How to complete this task: Transcribe exactly the lines below that begin at the line with "This you can" and stop after the line with "1080 joule energy", leaving out every picture.

Record excerpts:
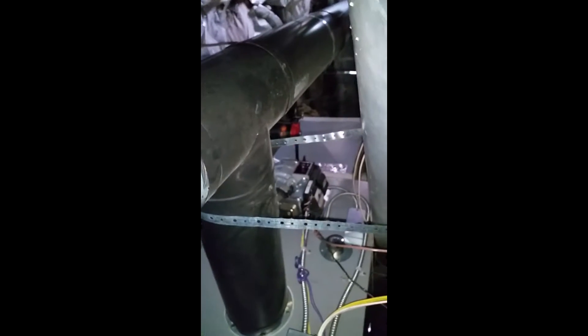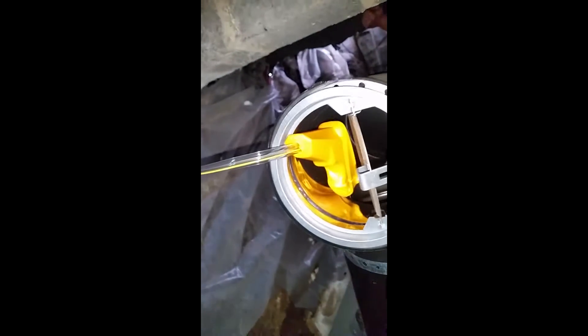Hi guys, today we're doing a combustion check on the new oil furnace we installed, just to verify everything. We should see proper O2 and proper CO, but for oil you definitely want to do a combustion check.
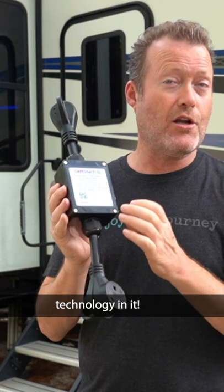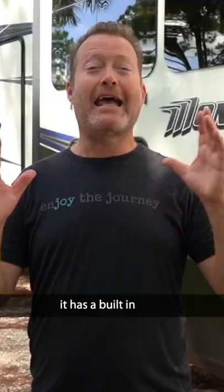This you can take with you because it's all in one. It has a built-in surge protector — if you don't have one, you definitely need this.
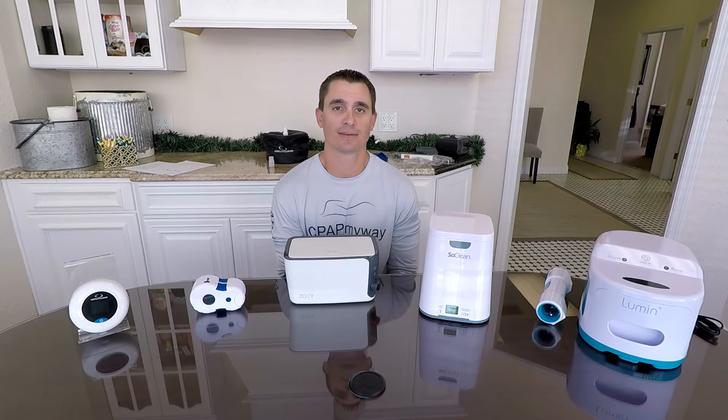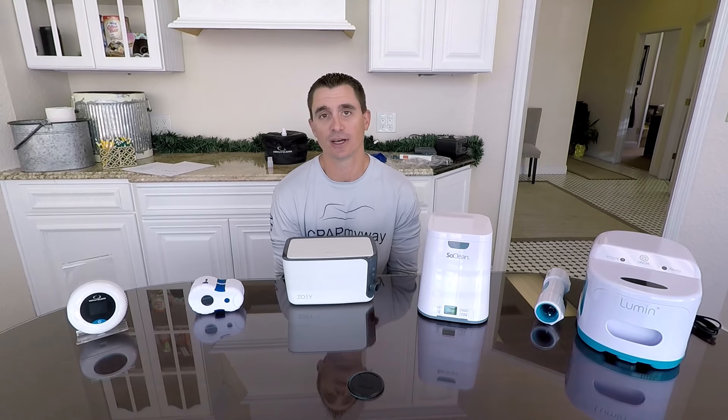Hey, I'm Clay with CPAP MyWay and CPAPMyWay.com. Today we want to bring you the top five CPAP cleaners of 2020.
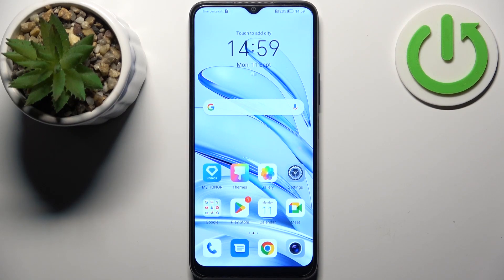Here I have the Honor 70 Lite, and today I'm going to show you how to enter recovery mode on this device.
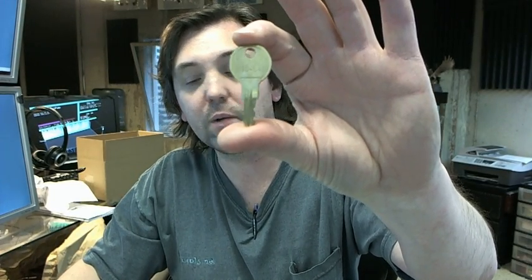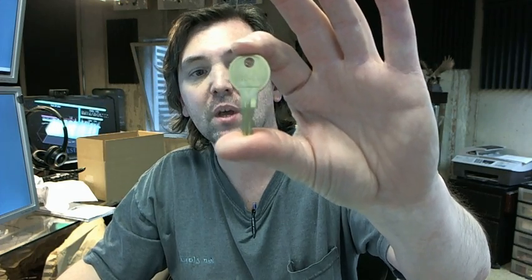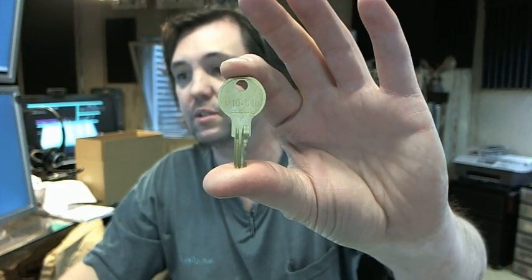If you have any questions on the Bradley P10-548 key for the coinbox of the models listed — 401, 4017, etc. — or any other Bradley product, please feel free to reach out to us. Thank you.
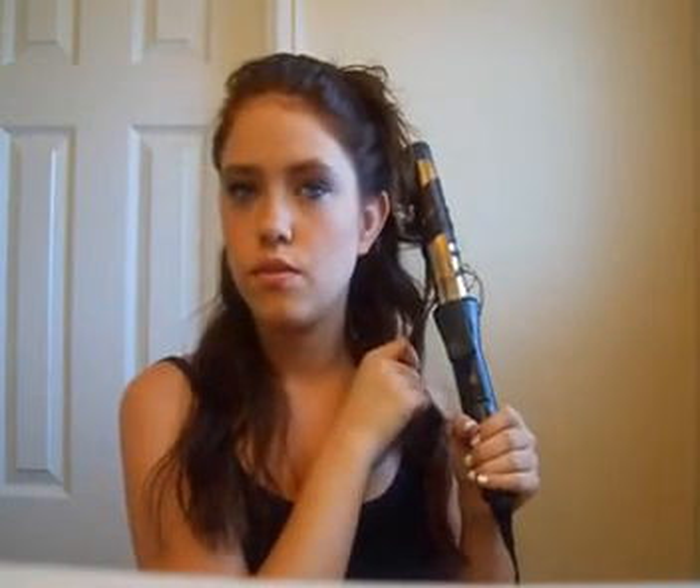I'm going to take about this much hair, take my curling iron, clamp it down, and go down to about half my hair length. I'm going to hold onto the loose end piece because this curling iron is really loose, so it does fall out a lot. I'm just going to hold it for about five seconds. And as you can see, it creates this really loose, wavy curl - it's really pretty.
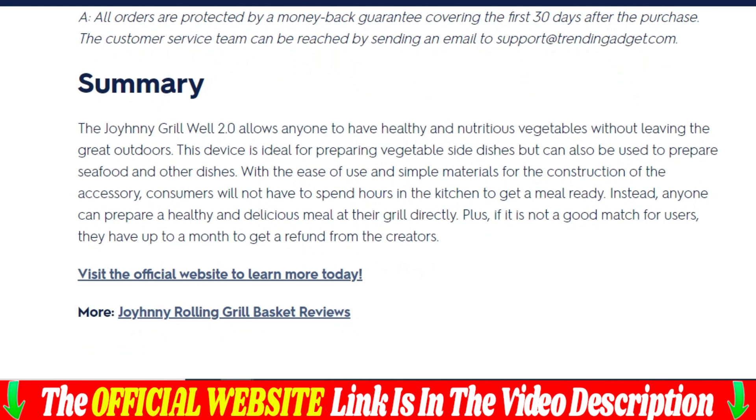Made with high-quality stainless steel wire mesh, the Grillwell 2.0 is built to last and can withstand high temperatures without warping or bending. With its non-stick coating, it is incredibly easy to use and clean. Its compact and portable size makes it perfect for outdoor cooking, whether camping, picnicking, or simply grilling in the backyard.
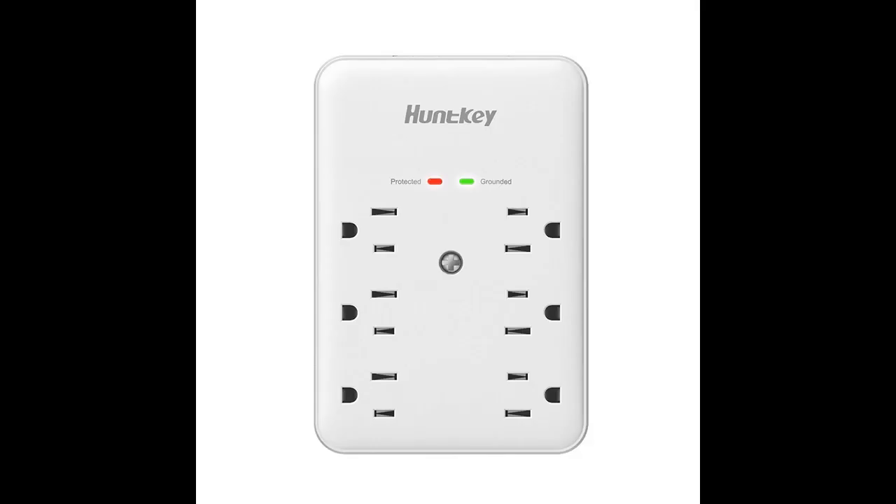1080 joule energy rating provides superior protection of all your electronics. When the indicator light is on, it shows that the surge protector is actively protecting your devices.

==

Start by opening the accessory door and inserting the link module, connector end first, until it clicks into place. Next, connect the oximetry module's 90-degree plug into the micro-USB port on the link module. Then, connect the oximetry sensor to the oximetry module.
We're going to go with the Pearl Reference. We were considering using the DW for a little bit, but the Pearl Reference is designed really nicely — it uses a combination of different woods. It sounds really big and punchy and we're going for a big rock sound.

Answer to this problem:
This you can take with you because it's all in one. It has a built-in surge protector — if you don't have one, you definitely need this.
Hey, I'm Clay with CPAP MyWay and CPAPMyWay.com. Today we want to bring you the top five CPAP cleaners of 2020.
Here I have the Honor 70 Lite, and today I'm going to show you how to enter recovery mode on this device.
If you have any questions on the Bradley P10-548 key for the coinbox of the models listed — 401, 4017, etc. — or any other Bradley product, please feel free to reach out to us. Thank you.
I'm going to take about this much hair, take my curling iron, clamp it down, and go down to about half my hair length. I'm going to hold onto the loose end piece because this curling iron is really loose, so it does fall out a lot. I'm just going to hold it for about five seconds. And as you can see, it creates this really loose, wavy curl - it's really pretty.
Made with high-quality stainless steel wire mesh, the Grillwell 2.0 is built to last and can withstand high temperatures without warping or bending. With its non-stick coating, it is incredibly easy to use and clean. Its compact and portable size makes it perfect for outdoor cooking, whether camping, picnicking, or simply grilling in the backyard.
1080 joule energy rating provides superior protection of all your electronics. When the indicator light is on, it shows that the surge protector is actively protecting your devices.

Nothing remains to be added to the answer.